-- Goal of the exercise --
Please begin with the line containing "墨西哥城Bellísima Suite, 2" and reproduce each line exactly until the records below end, without any pictures.

Web page caption snippets
------------
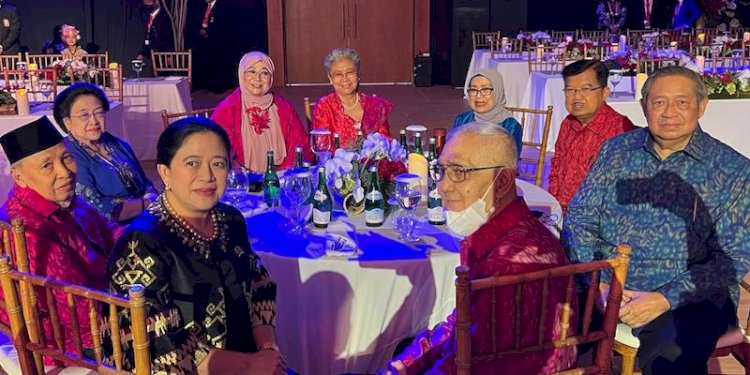 Megawati Soekarnoputri dan SBY (sama-sama kemeja warna biru) duduk satu meja saat transit menuju jamuan makan malam G20/Ist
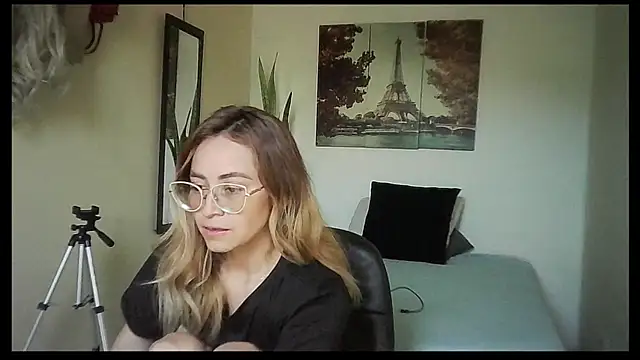 JuliaMack online show from October 27, 2025, 9:41 pm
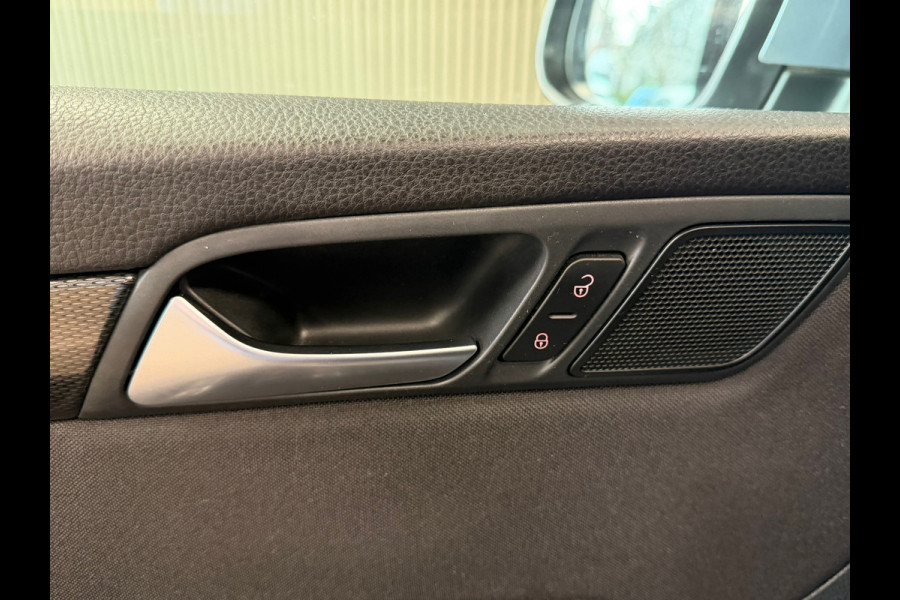 Seat Alhambra 1.4 TSI Style Business Intense 7P. CRUISE CONTROL CAMERA PARKEERSENSOREN VOOR EN ACHTER NAVI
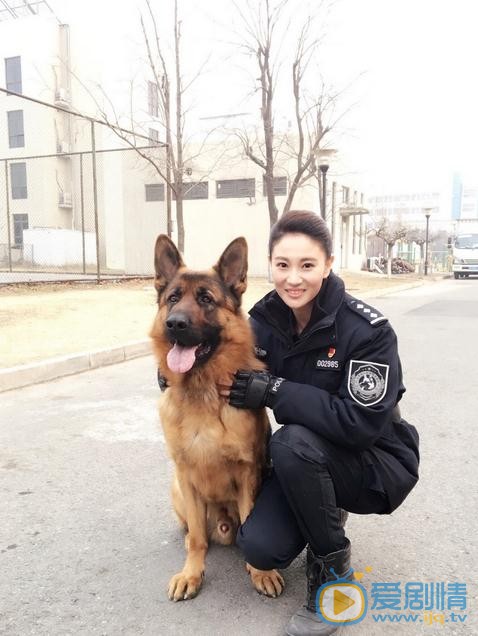侯梦莎片场照 侯梦莎高清写真_侯梦莎高清剧照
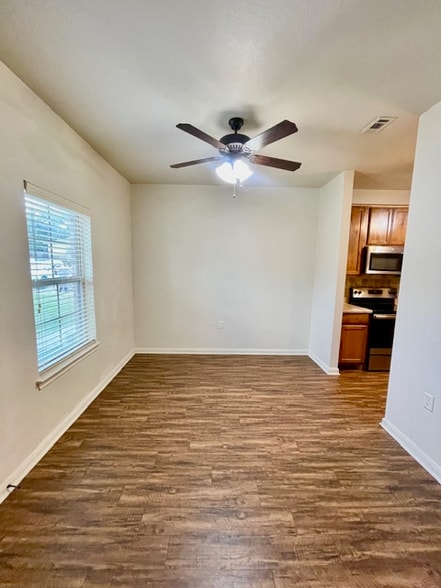 Building Photo - 2001 Kirby Lee St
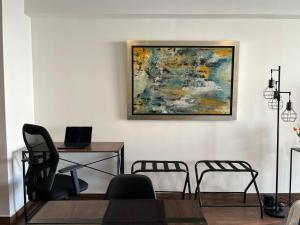 墨西哥城Bellísima Suite, 2 Camas Queen, Gym, en Interlomas的一间设有桌椅和壁画的房间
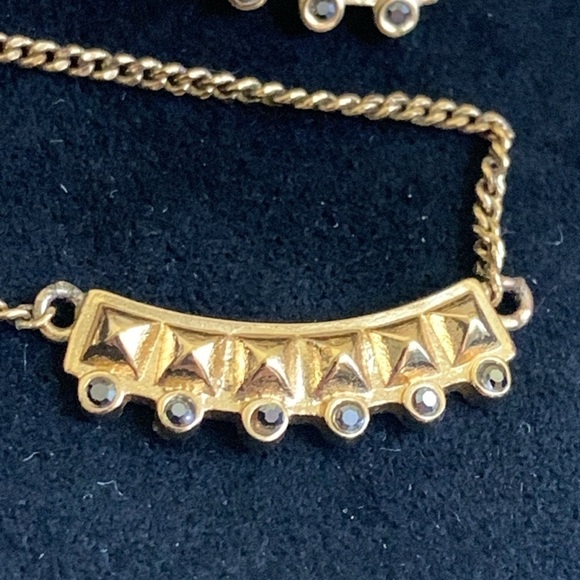 Rebecca Minkoff 3 Piece “Curb” Gold Tone Pyramid Set Earrings & Pendant Necklace - Picture 6 of 17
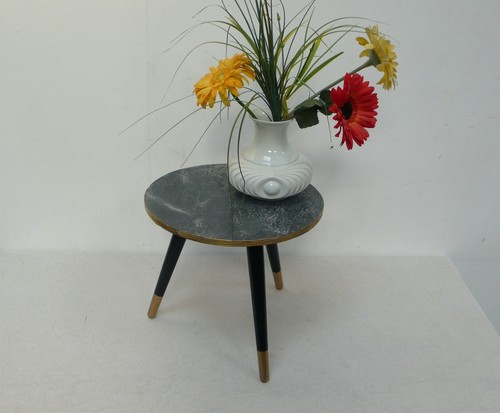 50s 60s plant table - 50s, round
------------
-- Solved exercise --
 墨西哥城Bellísima Suite, 2 Camas Queen, Gym, en Interlomas的一间设有桌椅和壁画的房间
 Rebecca Minkoff 3 Piece “Curb” Gold Tone Pyramid Set Earrings & Pendant Necklace - Picture 6 of 17
 50s 60s plant table - 50s, round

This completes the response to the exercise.